The technique allowed them to determine which brain region was activating other areas of the brain and how that activation was spreading, said study senior author Mayank R Mehta, a professor of neurophysics in UCLA's departments of neurology, neurobiology, physics and astronomy.

The team looked at three connected brain regions in mice - the new brain or the neocortex, the old brain or the hippocampus, and the entorhinal cortex, an intermediate brain that connects the new and the old brains.

While previous studies have suggested that the dialogue between the old and the new brain during sleep was critical for memory formation, researchers had not investigated the contribution of the entorhinal cortex to this conversation, which turned out to be a game changer, Mehta said in a statement.

"During sleep the three parts of the brain are talking to each other in a very complex way. The entorhinal neurons showed persistent activity, behaving as if they were remembering something even under anesthesia when the mice could not feel or smell or hear anything," he added.

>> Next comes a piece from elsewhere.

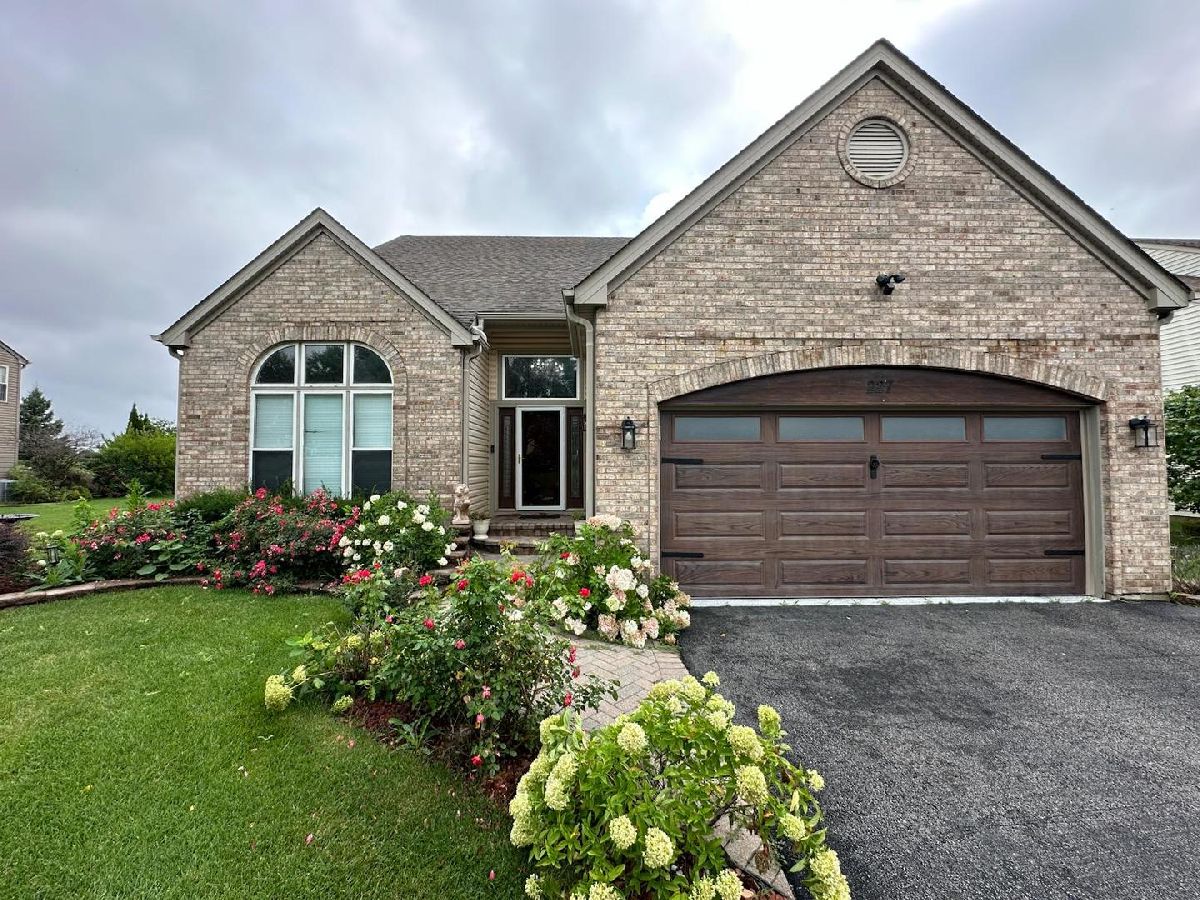  For Rent Bartlett Illinois, 227 Butler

The findings challenge theories of brain communication during sleep, in which the hippocampus is expected to talk to, or drive, the neocortex. Mehta's findings instead indicate that there is a third key actor in this complex dialogue, the entorhinal cortex, and that the neocortex is driving the entorhinal cortex, which in turn behaves as if it is remembering something.

Mehta theorises that this process occurs during sleep as a way to unclutter memories and delete information that was processed during the day but is irrelevant.

Notably, Alzheimer's disease starts in the entorhinal cortex and patients have impaired sleep, Mehta said.

The study was published in the journal Nature Neuroscience.